**Exercise goal:** Starting at the line containing "CN VIII could" and ending at the line containing "Once logged in", transcribe the listing below exactly. Keep both end lines, skip the pictures, and copy nothing else.

**Available data:**
╔══

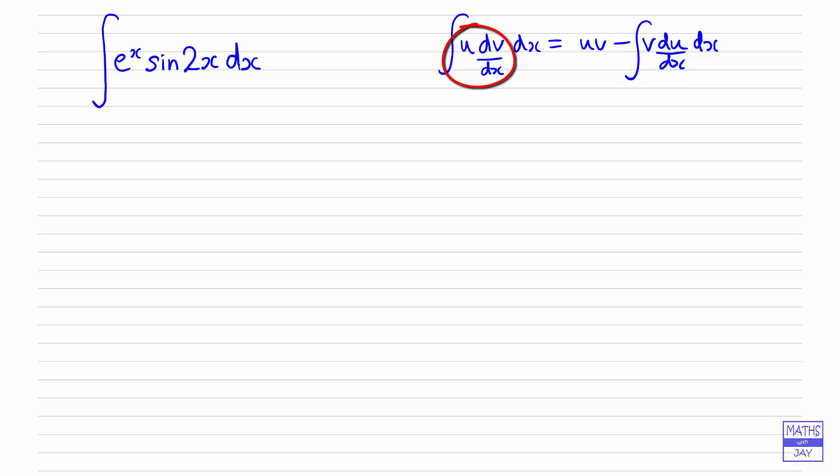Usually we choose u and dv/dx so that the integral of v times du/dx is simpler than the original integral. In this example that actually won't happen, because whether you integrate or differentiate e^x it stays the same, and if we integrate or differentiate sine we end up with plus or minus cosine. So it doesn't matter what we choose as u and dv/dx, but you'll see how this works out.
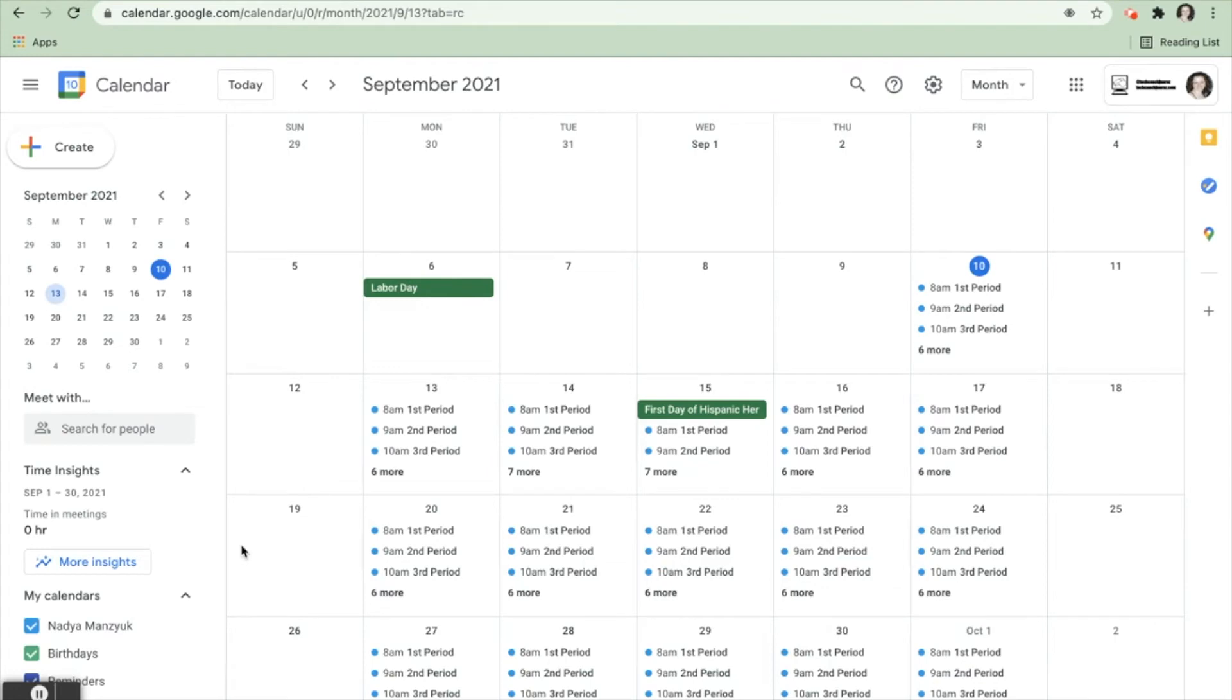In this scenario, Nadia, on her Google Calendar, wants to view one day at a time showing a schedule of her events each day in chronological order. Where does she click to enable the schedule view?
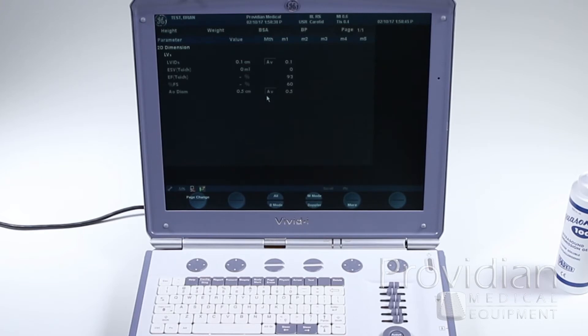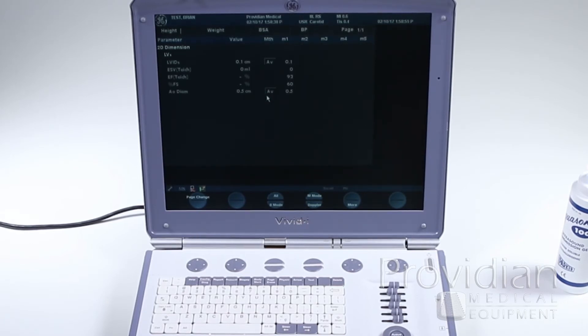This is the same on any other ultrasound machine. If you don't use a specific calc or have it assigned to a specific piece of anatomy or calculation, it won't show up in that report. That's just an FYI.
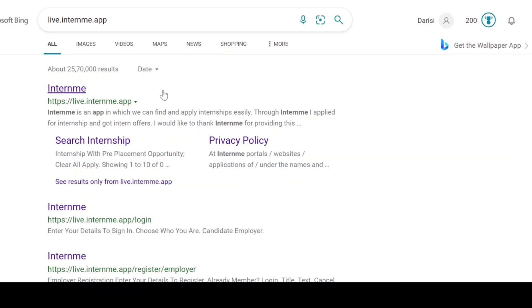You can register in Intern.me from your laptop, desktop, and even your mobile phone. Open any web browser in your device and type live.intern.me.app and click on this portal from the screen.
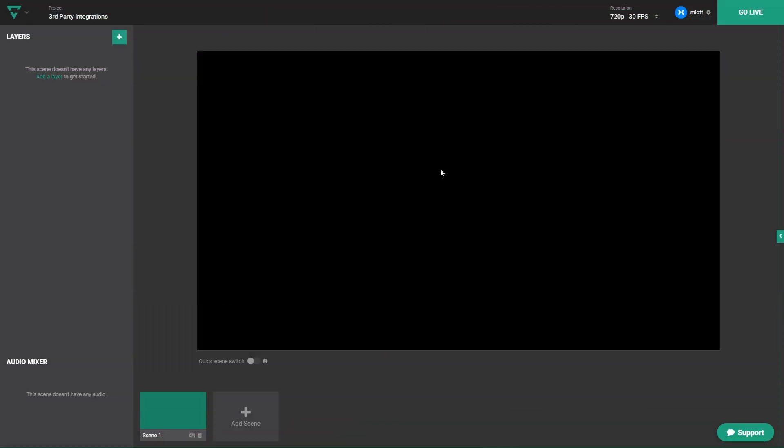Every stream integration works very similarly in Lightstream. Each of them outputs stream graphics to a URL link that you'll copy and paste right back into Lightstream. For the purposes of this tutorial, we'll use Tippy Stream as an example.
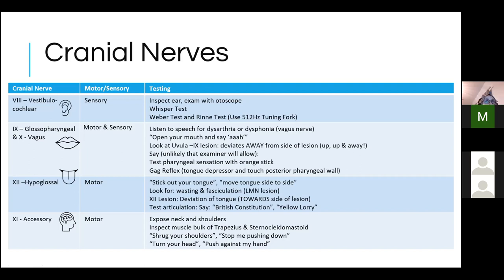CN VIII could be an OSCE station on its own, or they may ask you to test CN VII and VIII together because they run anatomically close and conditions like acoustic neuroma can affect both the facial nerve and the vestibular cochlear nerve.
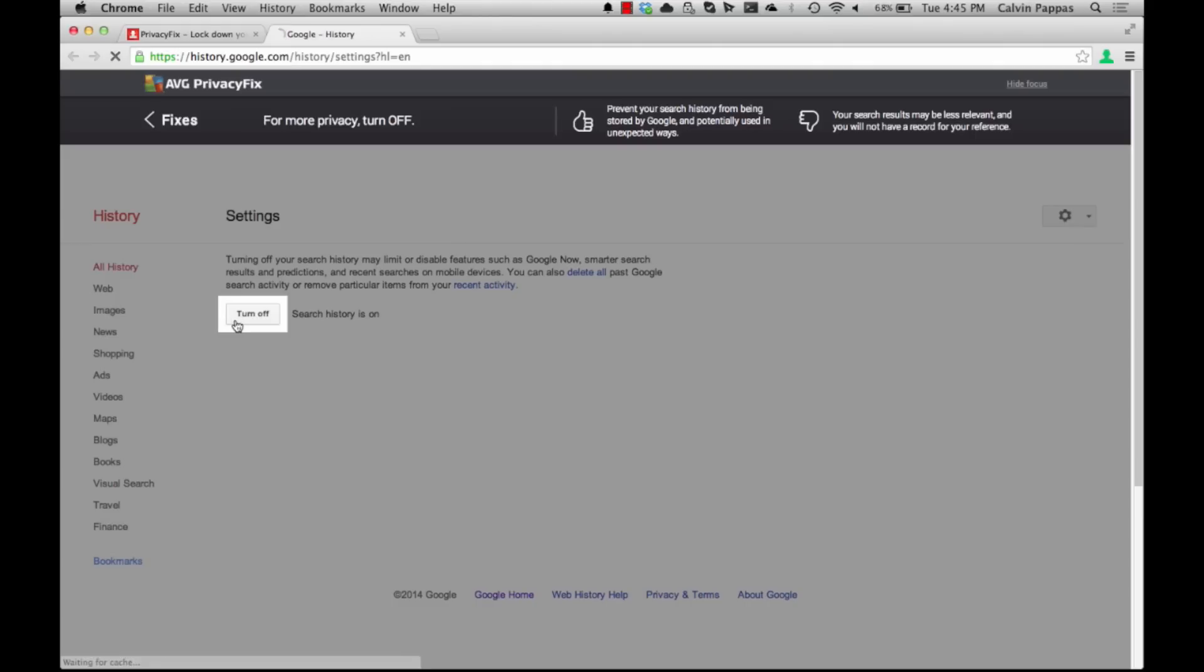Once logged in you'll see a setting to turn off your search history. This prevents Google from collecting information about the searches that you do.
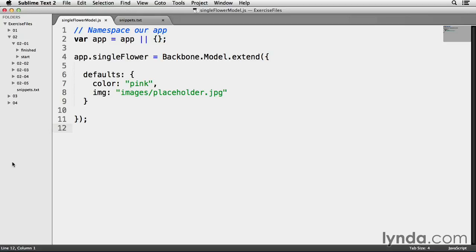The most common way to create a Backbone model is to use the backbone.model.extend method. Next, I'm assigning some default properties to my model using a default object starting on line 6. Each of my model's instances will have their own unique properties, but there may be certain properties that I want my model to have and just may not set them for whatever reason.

╚══

**Completed exercise:**
CN VIII could be an OSCE station on its own, or they may ask you to test CN VII and VIII together because they run anatomically close and conditions like acoustic neuroma can affect both the facial nerve and the vestibular cochlear nerve.
Once logged in you'll see a setting to turn off your search history. This prevents Google from collecting information about the searches that you do.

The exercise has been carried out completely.